Se por um lado se obrigada a pressupostos inerentes à realização de um ato pericial, também daí advém o valor reforçado da prova pericial enquanto tal, algo que decorre do artigo151.º e seguintes do CPP. Diferentemente da realização da atividade pericial, por norma e a montante, encontra-se a inspeção judiciária aos locais e cenários criminais. Aqui os pressupostos de realização são diferentes e o seu resultado probatório final é ele também diverso.
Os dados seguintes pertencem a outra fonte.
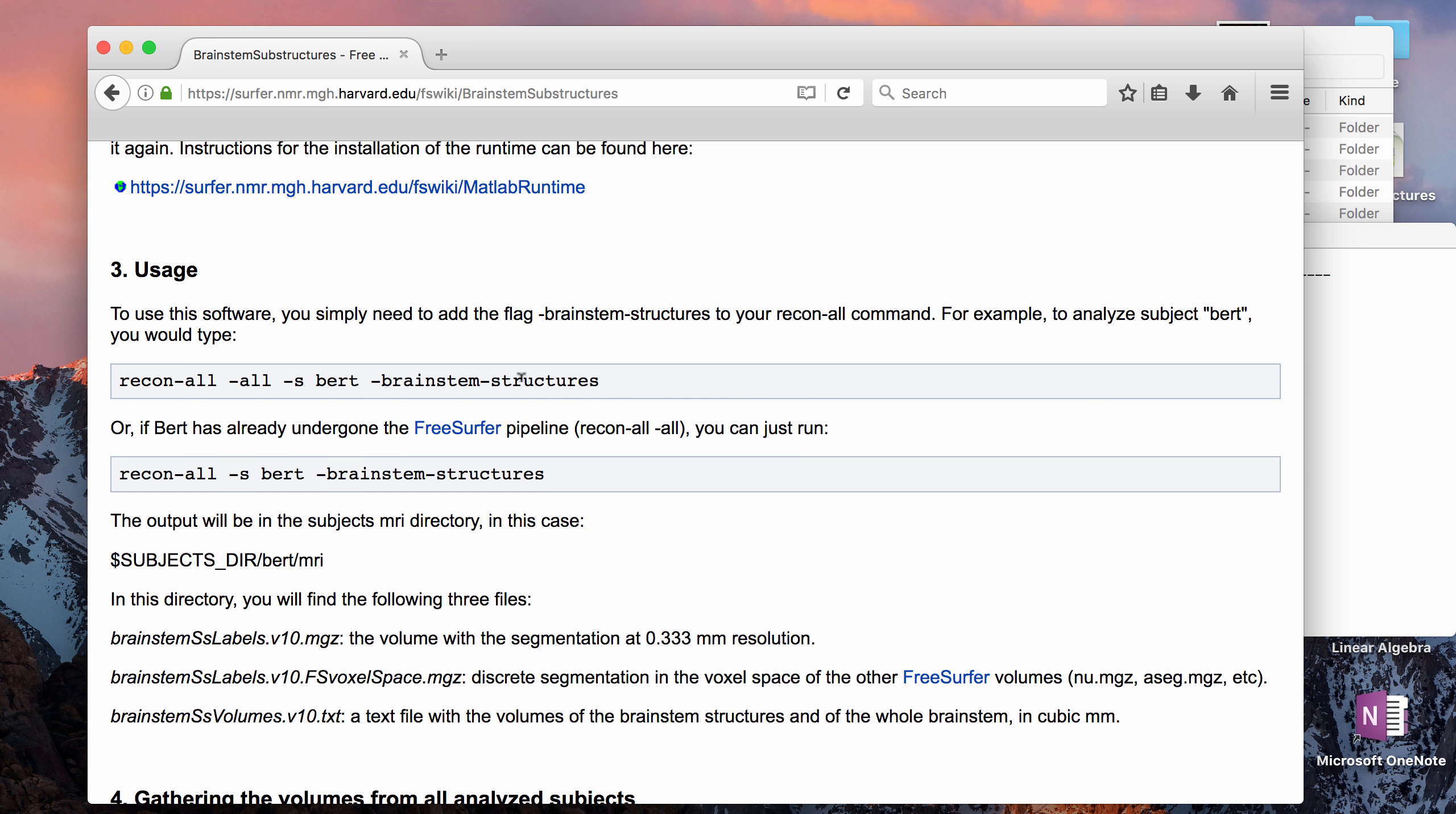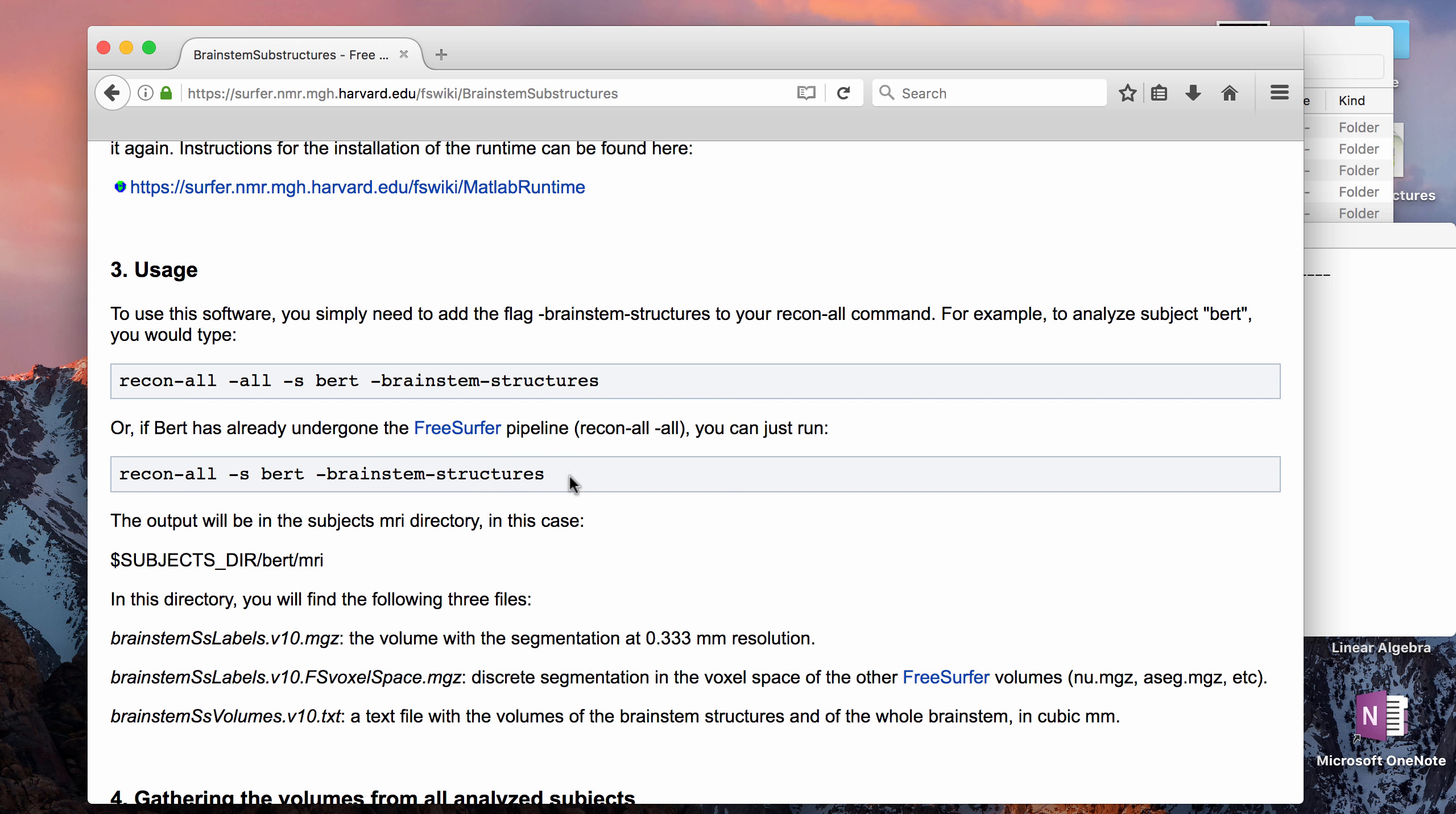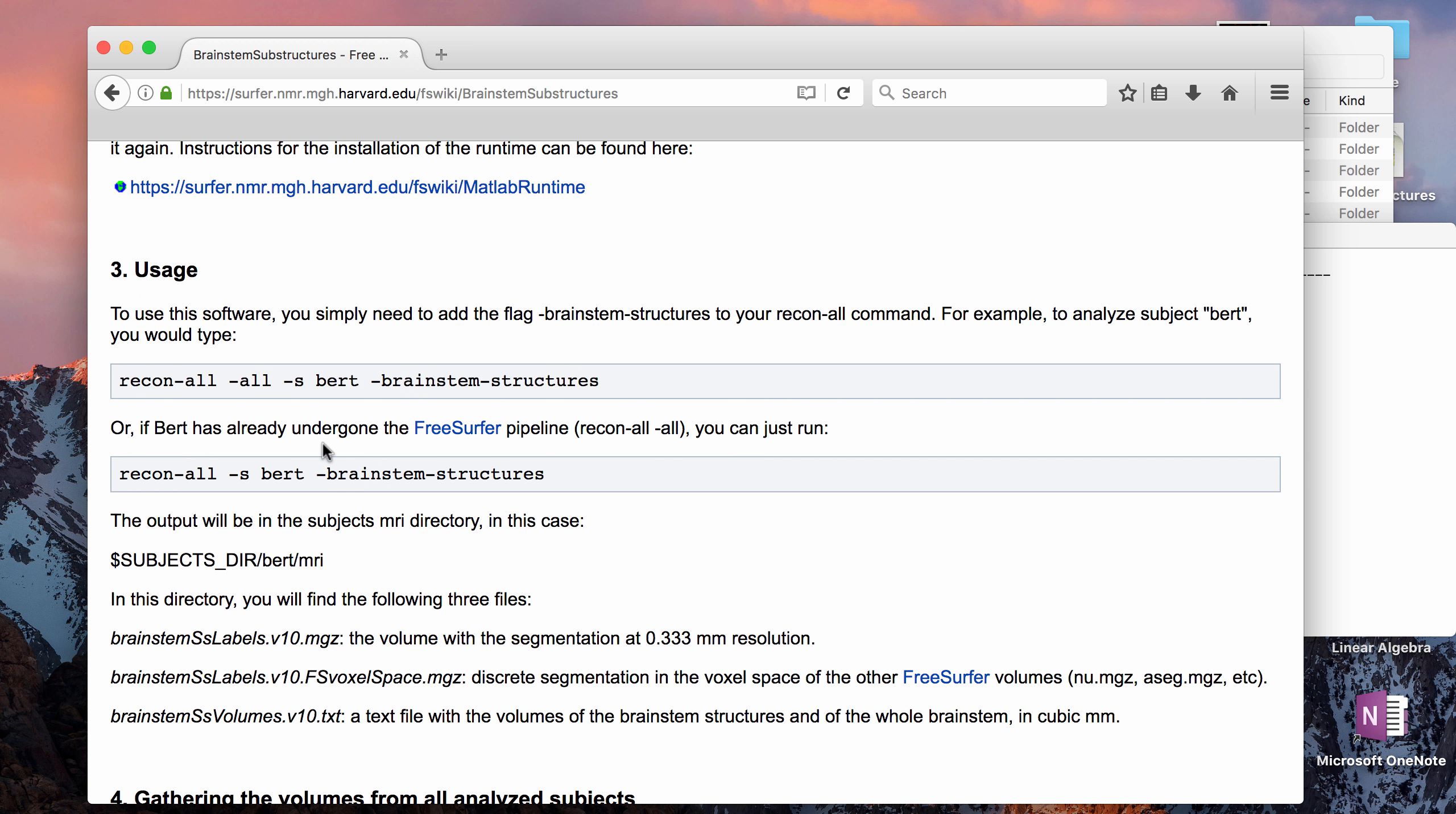To get brainstem substructures, you have to add to your recon-all tag the tag brainstem-structures. If you haven't run recon-all on your subject yet, you're going to do that and then just add the brainstem-structures tag. Or if you already have run a subject through the FreeSurfer pipeline, then you're going to remove the extra all tag and then just put brainstem-structures. For my machine, my laptop, it just took a couple of minutes extra to run the brainstem-structures tag if you've already run recon-all. Also I checked and you can run this tag from 5.3 data, so if you have a subject that you did 5.3 reconstruction on, then you can still use it for the 6.0 brainstem-structures tag.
Em suma, para efeitos de identificação judiciária, nos termos deste diploma legal, existem dois momentos de intervenção diferenciados, o que, implica razões de atuação diferentes e com competências de intervenção distintas uma da outra. Os sujeitos passivos da identificação judiciária (art.º 3.º, n.º 1 al. a) da LIJLF) são indivíduos que, constituídos arguidos em processo-crime possam estar numa das seguintes circunstâncias (i) quando existam dúvidas quanto à sua identidade e portanto não sejam conhecidos os elementos necessários a dar como garantida uma determinada identificação para certo indivíduo; (ii) quando na sequência de aplicação de medida de coação privativa da liberdade, o que implica que, imperativamente sempre que alguém seja sujeito a determinado processo criminal e daí advenha a privação da sua liberdade por via de uma medida de coação, fica sujeito à identificação judiciária, ou ainda (iii) mediante despacho judicial, ponderadas as necessidades de prova, o que permite que, em casos de não conformidade com os pressupostos anteriores, poderá levar-se a cabo uma identificação judiciária mediante a intervenção da autoridade judiciária competente naquela fase do processo.
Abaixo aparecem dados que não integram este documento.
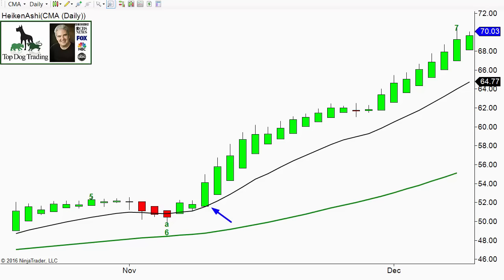In normal candlesticks you're going to see wicks above and below. But on the Heiken Ashi bars, when there's no wick at the bottom and it's colored green, then that is a bullish trending up bar. Very important and very easy to read. It just simplifies things — that's what I like about these.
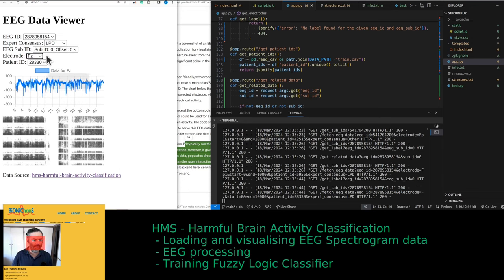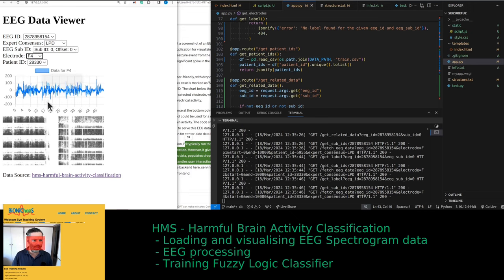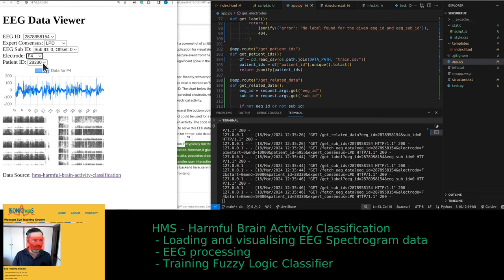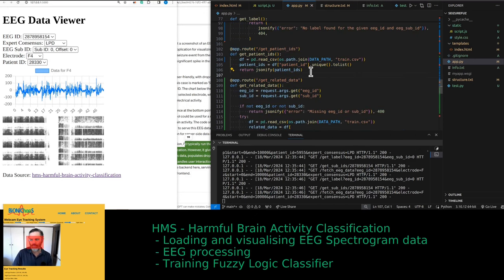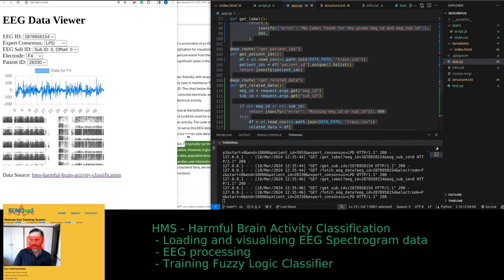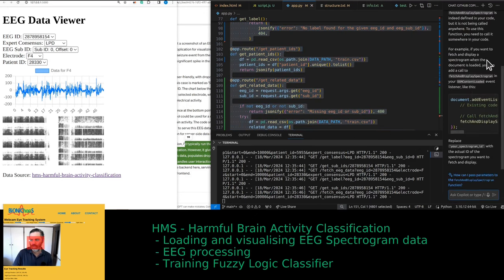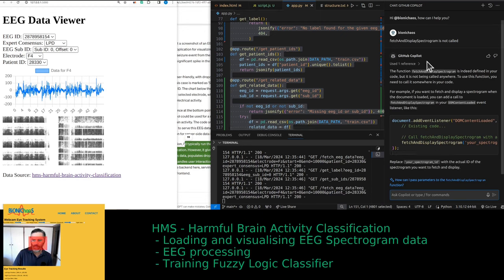You can look at the data on different EEG channels and see the patient ID. This is a back-end thing and this is what we were doing last time. The spectrogram is now displayed.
Pode o despacho inicial ser emanado do procurador do Ministério Público, titular da ação penal no âmbito daquele processo, exceto se se vier a verificar a recusa por parte do visado, caso em que o despacho passará para a alçada do juiz competente na fase em que o processo se encontre. Estas perícias seguem o regime geral, devendo portanto, solicitar-se à investigação criminal a ponderação da necessidade probatória que implique a sua realização, ponderada oportuna e proporcional.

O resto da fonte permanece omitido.